After a short ride, luckily without transfers or pick-pocketing incident, I got off at Passeig de Gràcia, remembering that it was the same as Paseo de Gracia, the Spanish name for the stop as it was written on my map. I had done some recon during the week before the course and knew exactly how to get there: follow the exit signs, see the Gaudi house, Casa Batlló on the right, sigh in awe, and proceed one block down Aragó. Only this time something went terribly, terribly wrong. There was no Gaudi house to greet me as I excited the metro, no Carrer d’Aragó to reassure me that I was on the right track, and obviously no sigh of relief or awe.
For someone who has had ample opportunities to get accustomed to using a map, I still have never mastered it; on this occasion, now with 10 minutes to get to class, my first class, the most important first impression I would make in Spain, sweat making its presence known in the June heat and overwhelmed by the sameness of the Eixample streets, I showed my ineptitude by running a block in every direction, hoping to random ly come across something that would remind me of how to get to school.
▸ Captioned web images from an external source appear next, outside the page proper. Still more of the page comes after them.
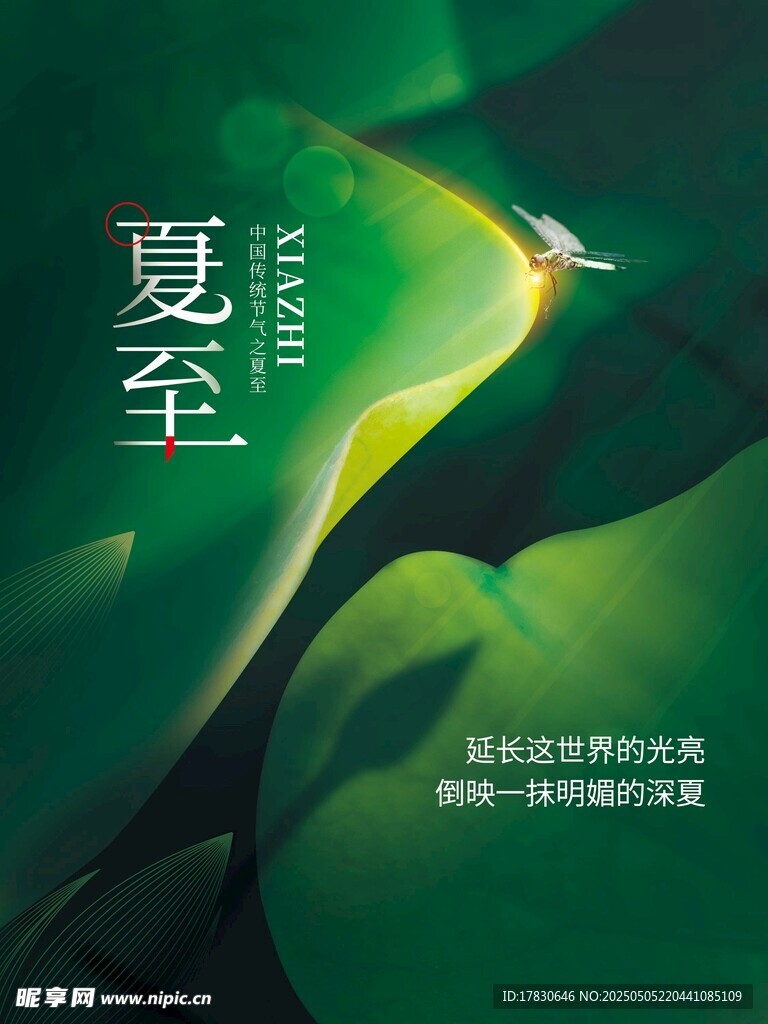 夏至时节绿意盎然海报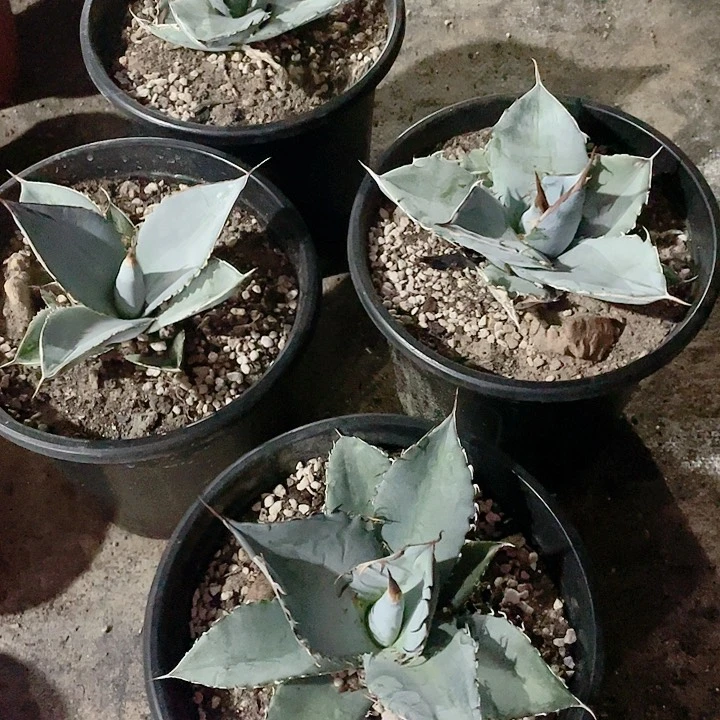 圆叶白冰15公分左右包邮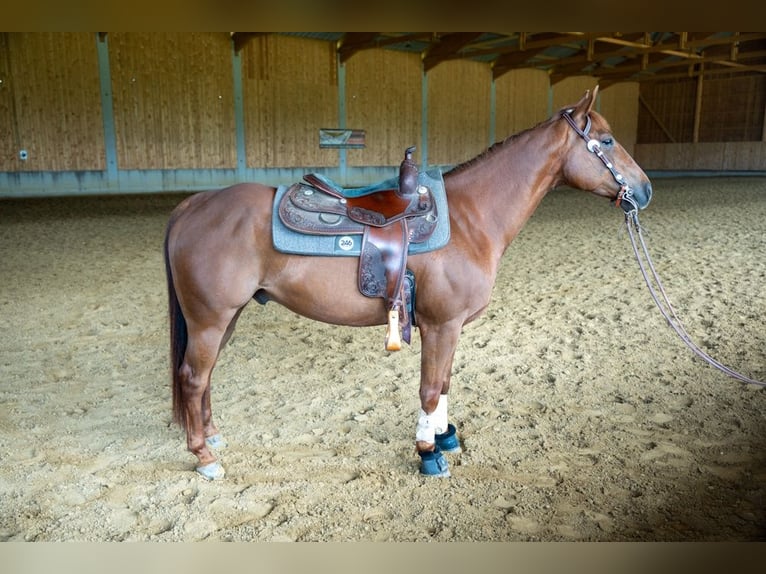 American Quarter Horse Wallach 6 Jahre 150 cm Fuchs in Mittelstetten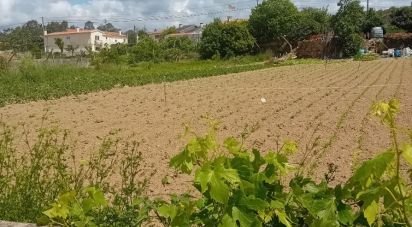 Terrain à Pinheiro da Bemposta, Travanca e Palmaz de 2 140 m²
I remember thinking Could they at least throw us newbies a bone by labeling the streets in some identifiable way? The plaques on the sides of under-construction buildings were not helping my mission.
Eventually, my unsystematic scheme did work and I caught sight of an interesting store next to the school (Note to self: check that out after class). As I raced up the stairs, barely managing to breathe a bon dia to the portero at the door, I thought today I’ve earned that chocolate croissant breakfast and maybe even one more for lunch.